# [Action item]
Only one span is wanted from the lines below: from the one with "Amsterdam, Netherlands - August" up to and including the one with "Ein Schlafzimmer mit". Copy it exactly, without images.

# [Data records]
##############################

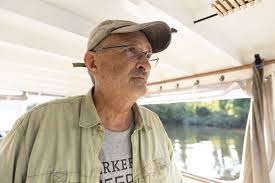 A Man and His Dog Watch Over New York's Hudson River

##############################

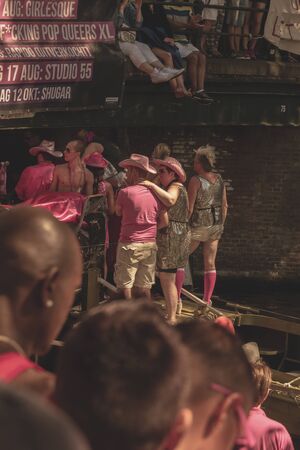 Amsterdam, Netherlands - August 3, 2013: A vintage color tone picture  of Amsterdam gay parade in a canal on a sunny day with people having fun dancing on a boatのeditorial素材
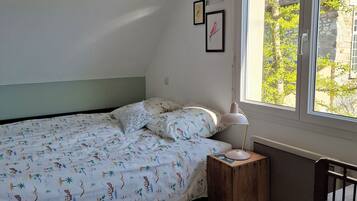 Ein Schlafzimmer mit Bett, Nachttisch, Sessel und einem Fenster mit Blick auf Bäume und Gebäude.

##############################

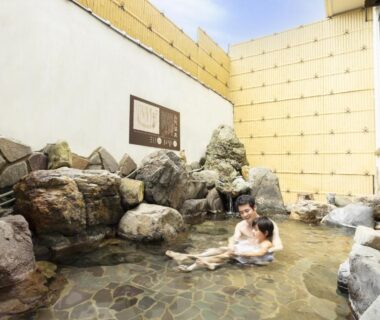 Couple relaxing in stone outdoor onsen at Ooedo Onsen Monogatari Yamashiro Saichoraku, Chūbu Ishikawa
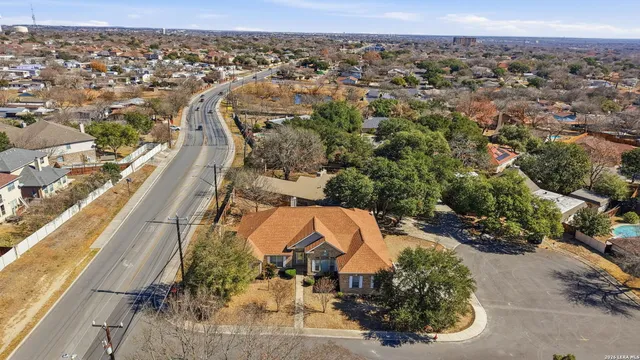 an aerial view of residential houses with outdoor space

##############################

# [Solution for this problem]
 Amsterdam, Netherlands - August 3, 2013: A vintage color tone picture  of Amsterdam gay parade in a canal on a sunny day with people having fun dancing on a boatのeditorial素材
 Ein Schlafzimmer mit Bett, Nachttisch, Sessel und einem Fenster mit Blick auf Bäume und Gebäude.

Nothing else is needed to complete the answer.